[Records for the task]

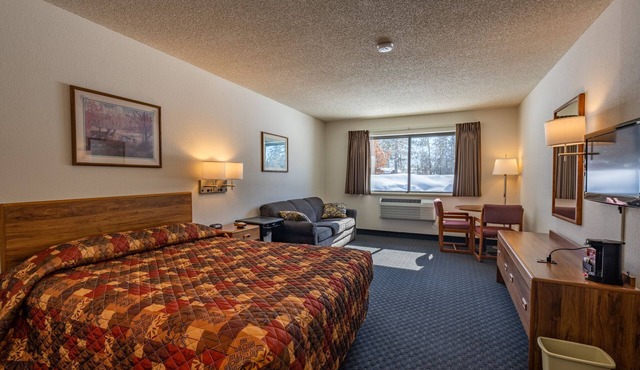 104 Queen Room with Sleeper Sofa and Jetted Tub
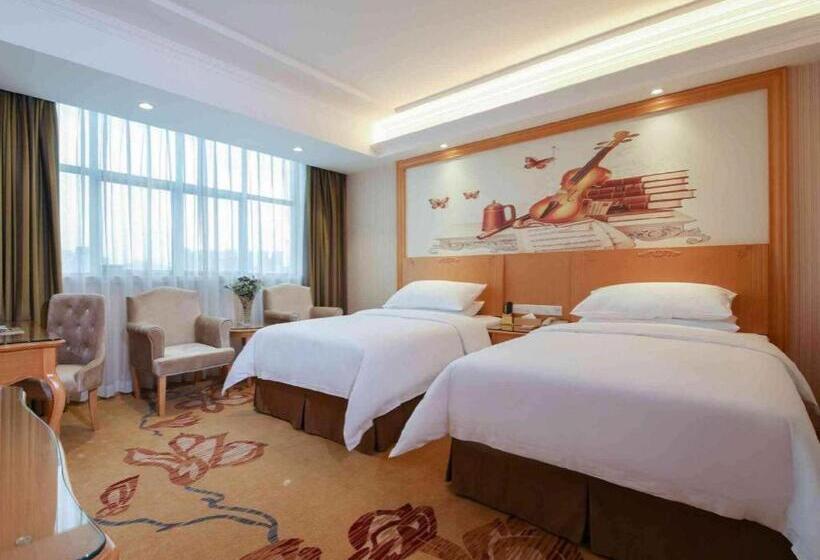 Vienna Hotel Guangdong Huiyang Qiuchang Yingbin Road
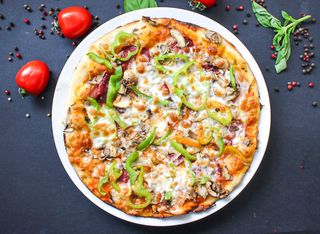 Пица Бекон и луканка 30см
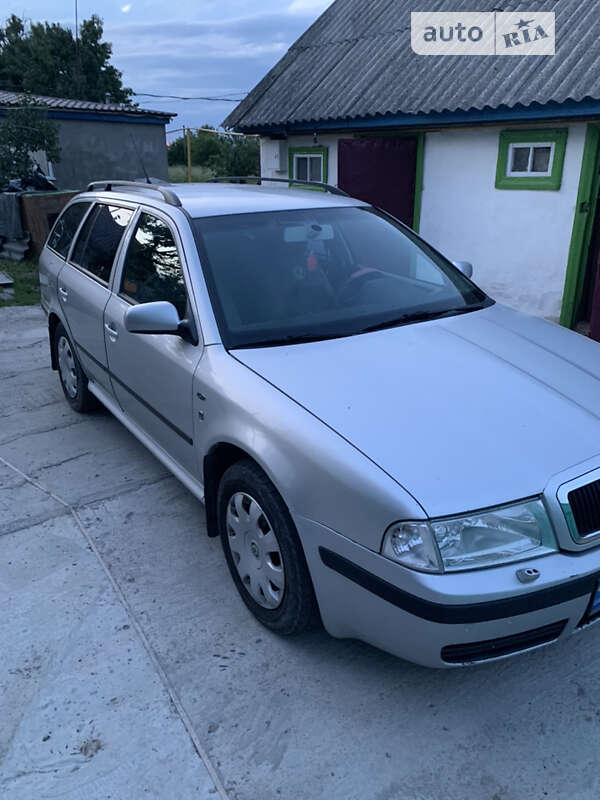 Універсал Skoda Octavia 2002 в Іванкові
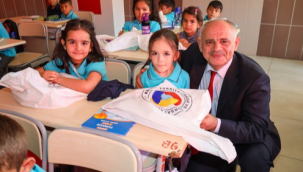 Yahyalı'da ilk ders zilini Başkan Öztürk çaldı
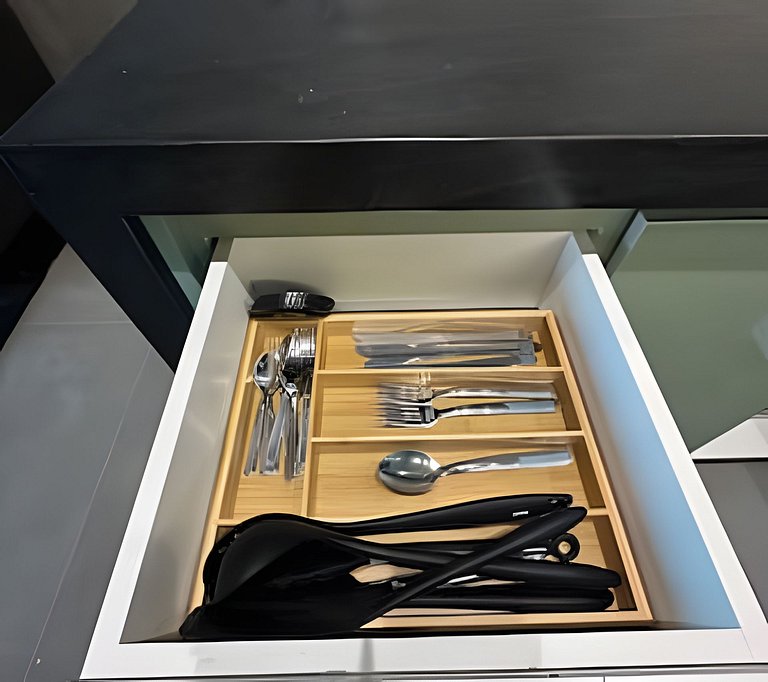 Vista Mar Incrível • Balanço • Ar + Lava e Seca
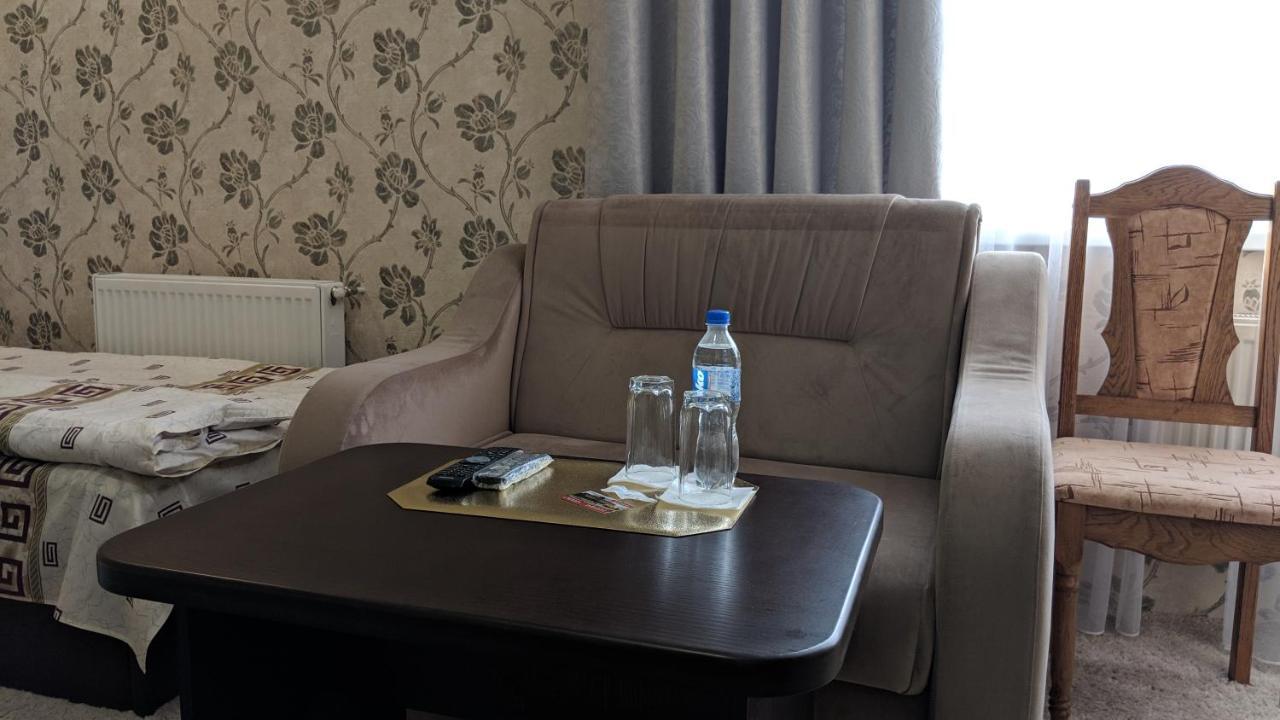 Karavan Hotel Bila Krynytsya  Екстериор снимка
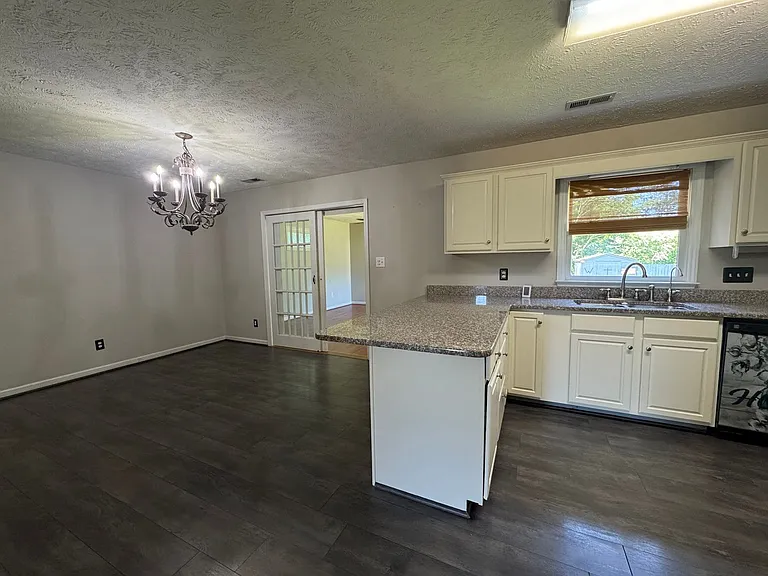 5870 McDonald Rd — Photo 7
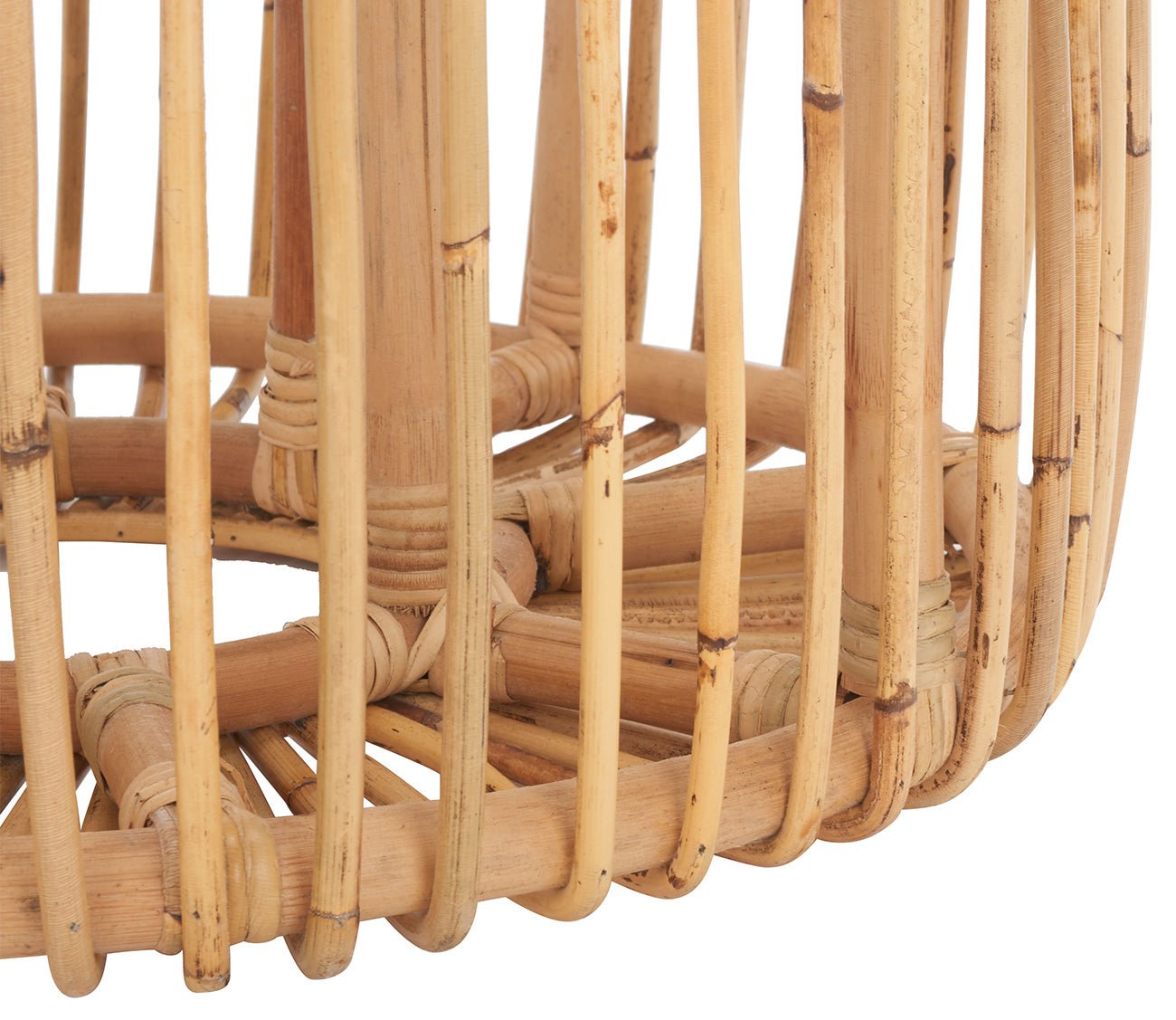 Safavieh Jabez Round Accent Table by Safavieh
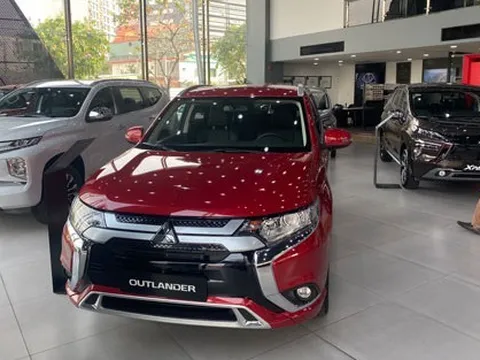 Chính thức giảm 6 triệu đồng lệ phí khi đăng ký xe ô tô ở Hà Nội và TPHCM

[/Records for the task]

* Task goal
Set down exactly and only the lines from the line that contains "Vienna Hotel Guangdong" through the last line of the entries above, with both of those lines included and the pictures left out.

* Your solution
 Vienna Hotel Guangdong Huiyang Qiuchang Yingbin Road
 Пица Бекон и луканка 30см
 Універсал Skoda Octavia 2002 в Іванкові
 Yahyalı'da ilk ders zilini Başkan Öztürk çaldı
 Vista Mar Incrível • Balanço • Ar + Lava e Seca
 Karavan Hotel Bila Krynytsya  Екстериор снимка
 5870 McDonald Rd — Photo 7
 Safavieh Jabez Round Accent Table by Safavieh
 Chính thức giảm 6 triệu đồng lệ phí khi đăng ký xe ô tô ở Hà Nội và TPHCM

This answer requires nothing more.